I have a problem with my bubble-sorting function for the doubly linked list.
It is working when I'm sorting the nodes in the singly linked way (only with ->next), but I can't make it work with ->prev pointers.
Here is the code I'm using:
void sort(int count)
{
struct data *tmp,*current,*nextone;
int i,j;
for(i=0;i<count;i++)
{
current = first;
for(j=0;j<count-1-i;j++ )
{
if(current->number > current->next->number)
{
nextone = current->next;
current->next = nextone->next;
nextone->next = current;
if(current == first)
{
first = nextone;
current = nextone;
}
else
{
current = nextone;
tmp->next = nextone;
}
}
tmp = current;
current = current->next;
}
}
}
And this is the structure I'm using (with the global variables for the first and last element of the list):
struct data
{
int id;
char name[20];
int number;
struct data *next;
struct data *prev;
};
struct data *first = NULL;
struct data *last = NULL;
Below logic would work.
I would follow similar algorithm... If you want to move the entire nodes...
struct data *before, *after;
if(current->number > current->next->number)
{
before = current->prev;
after = current->next;
if(before != NULL){
before->next = after;
}
current->next = after->next;
current->prev = after;
after->next = current;
after->previous = before;
}
Alternatively, you can simply swap the numbers in the nodes without bothering to move entire nodes, if sorting of the data is the purpose. You can expand the below logic to include swapping of both char array and id as well.
if(current->number > current->next->number)
{
int tempNum = current->number;
current->number = current->next->number;
current->next->number = tempNum;
}
You just need to sit down and think about it for a bit.
Assigning first? Well the previous must be null.
Assigning last? Next must be null.
Anything else you need to do a little swap-dance with previous & next of the elements you are swapping.
A much easier way (that will quickly become faster too for larger array sizes) is to allocate an array of pointers, fill those with pointers to the elements, qsort the array then do another pass to re-wire the pointers (and delete the temp array).
One easier way is just to copy the data of the node, you can swap the data but the pointer to the node.

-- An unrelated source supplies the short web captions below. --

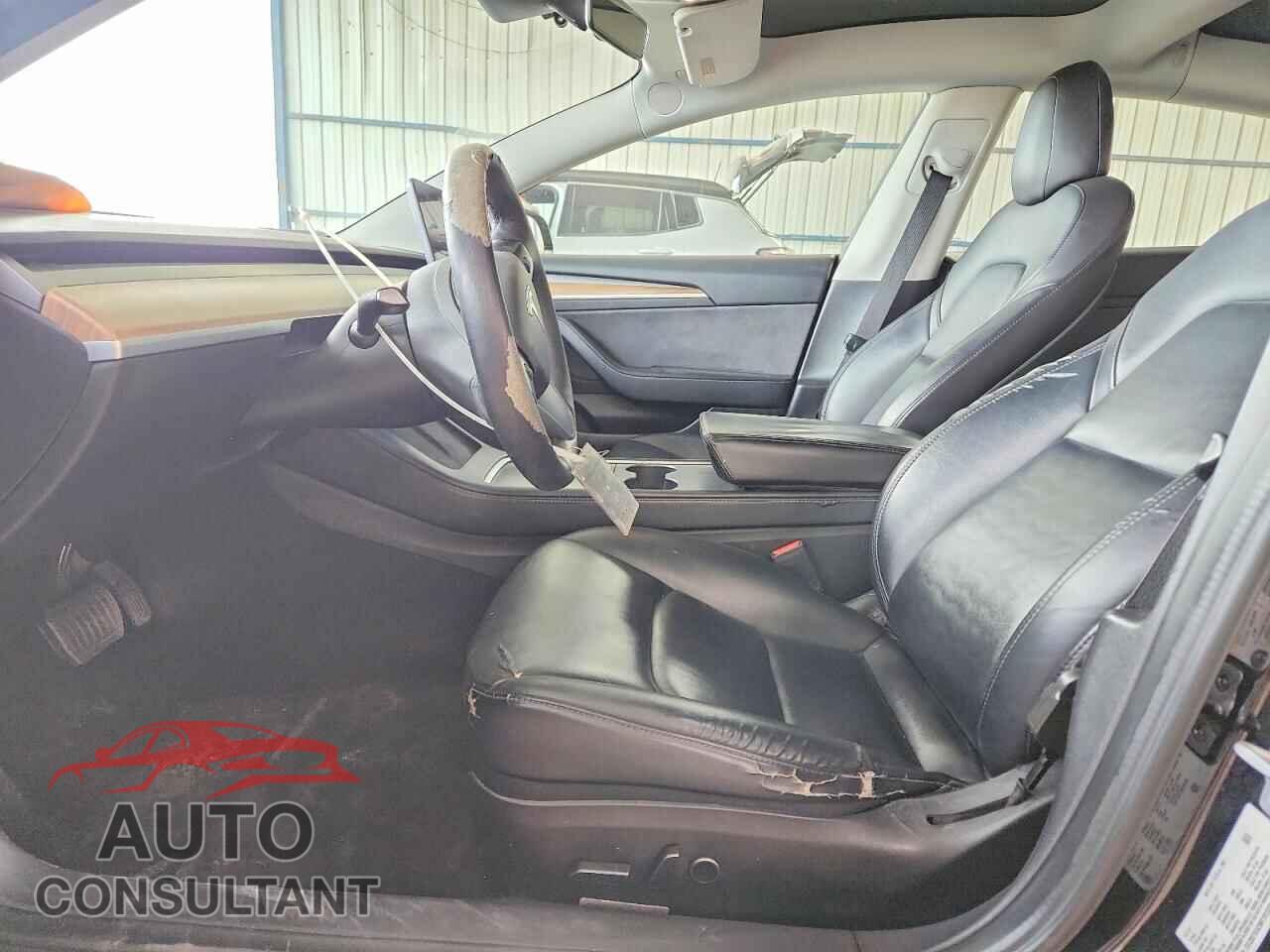 TESLA MODEL 3 2022 - 5YJ3E1EA2NF191323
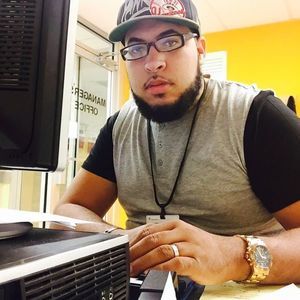 Meet your Posher, Joel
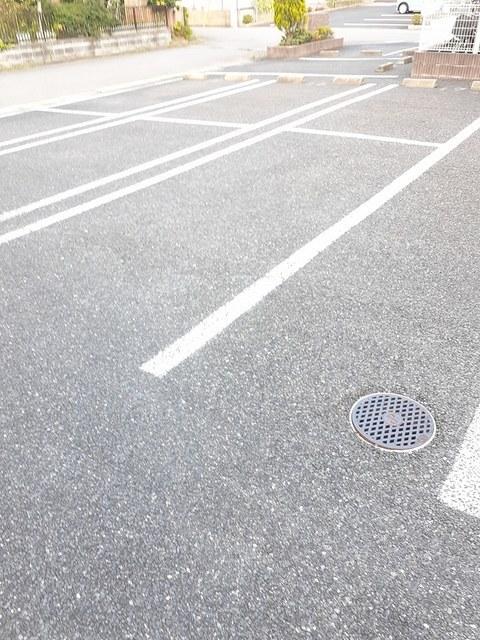 サングレイス　Ⅱ（204） 駐車場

if(current->number > current->next->number){
swap(current->id,current->next->id);
swap(current->name,current->next->name);
swap(current->number,current->next->number);
}
With your method, you never set the previous pointer at all. You can sort the double linked list as single list at first, and then traversal the list again to set all the prev pointer.
Of course, you can sort the double linked list at a time, but it's a little complex to implement. You should consider 4 nodes each step, i.e current, current->next, as well as current->prev and current->next->next. When you want to swap current and current->next,
you should set current->prev->next=current->next, current->next=current->next->next so on and so forth.